The comparison of strength between control and blended specimen for given w/c ratio and curing period can be used to predict water reduction/addition which in turn can be used to evaluate an efficiency factor. The step-by-step procedure for determination of k-value is provided in the Supplementary materials. Also, the determination of k-value is influenced by parameters A and B of Abram’s law, described in the Supplementary materials.
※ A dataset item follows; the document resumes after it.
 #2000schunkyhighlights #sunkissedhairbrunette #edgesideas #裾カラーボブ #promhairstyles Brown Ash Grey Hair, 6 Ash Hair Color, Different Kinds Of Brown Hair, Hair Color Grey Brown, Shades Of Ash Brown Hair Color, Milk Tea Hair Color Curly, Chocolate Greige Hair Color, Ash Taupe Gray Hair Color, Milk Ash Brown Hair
The k-value reported for FA and GGBS blended concrete specimen at 28 d curing period ranged from 0.25–1.2 and 0.7–1.29, respectively [33,51,52]. In comparison, SF blended concrete exhibits k-values ranging from 2.5–0.5 for replacement percentage in the range of 5%–40% [32]. Assessment of k-value concept to evaluate the effect on durability of blended specimens has been proposed by Gruyaert et al [53]. The efficiency factor for mineral admixtures, i.e., FA, GGBS, SF, etc., is evaluated mostly for concrete specimen. However, the data for BM specimens is limited. Information on the efficiency factor for BM is critical for understanding its role in bulk of matrix and design of high strength and ultra-high strength mortar mixes.

4.3 Strength estimation model

A strength estimation model based on co-relationship between strength of control (Sc) and BM specimen (Sp) has been proposed by Razak and Wong [34]. The model enables determination of strength contributions due to pozzolanic and filler action of the material. The model as shown in Eq. (2) is independent of w/b ratio and the replacement ratio.

Sp=aSc+b.

In Eq. (2), the slope ‘a’ represents the strength contribution of pozzolanic action, whereas, y-intercept ‘b’ represents strength increment/decrement due to change in packing density. The strength estimation model attempts to distinguish the strength contribution due to pozzolanic and filler behaviour. Since the formulation of the equation relies on the strength of reference mortar and BM, the values of pozzolanic and filler contribution predicted by the model are influenced by the curing period.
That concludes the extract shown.